Re: [PATCH v4 07/14] bloom: split 'get_bloom_filter()' in two

Taylor Blau <me@xxxxxxxxxxxx> · Sat, 5 Sep 2020 13:38:25 -0400

On Sat, Sep 05, 2020 at 07:22:08PM +0200, Jakub Narębski wrote:
> Taylor Blau <me@xxxxxxxxxxxx> writes:
> How do you distinguish between no changed paths stored because there
> were no changes (which should not count as *_found_large), and no
> changed paths stored because there were too many changes?  If I remember
> it correctly in current implemetation both are represented as
> zero-length filter (no changed paths could have been represented as all
> zeros filter, too many changed paths could have been represented as all
> ones filter).

Right, once we get handed back a filter from
'get_or_compute_bloom_filter()', we can't distinguish between (a) a
commit with too many changes to store in a single Bloom filter, and (b)
a commit with no changes at all.

It's unfortunate that callers can't pick between the two, but this
implementation is actually an improvement on the status-quo! Why?
Because right now we'll see an "empty" Bloom filter and recompute it
because it's "missing", only to discover that it has no changes.

With this patch, we'll say "this filter looks too large", and stop
computing it, because we have already gone through the effort to compute
it once (and marked it in the BFXL chunk).

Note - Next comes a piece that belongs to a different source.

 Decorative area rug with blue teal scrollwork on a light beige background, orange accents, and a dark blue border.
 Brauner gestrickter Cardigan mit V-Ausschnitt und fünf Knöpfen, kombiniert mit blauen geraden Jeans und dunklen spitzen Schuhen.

Now, you could certainly argue that 'BFXL' could be called 'BFWC'
("Bloom filter was computed"), and then the "was this filter too large"
check means that the commit was (a) marked in a BFWC chunk, and (b) has
length zero. I'm not necessarily opposed, but I think that this is
probably not worth it, since we're trying to disambiguate something that
is inherently ambiguous. (That is, even with this new check, a
length-zero would still be thought to be "too large", since it was
computed, and has length 0).

> No changes to store in filter can happen not only with `--allow-empty`
> (e.g. via interactive rebase), but also with merge where all changes
> came from the second parent -- we are storing only changes to first
> parent, if I remember it correctly.

Agreed. And yes, Bloom filters store changes only to their commit's
first parent.

> This is a minor issue, though.

Thanks for raising it. I don't think that this is a show-stopper for
this series.

Thanks,
Taylor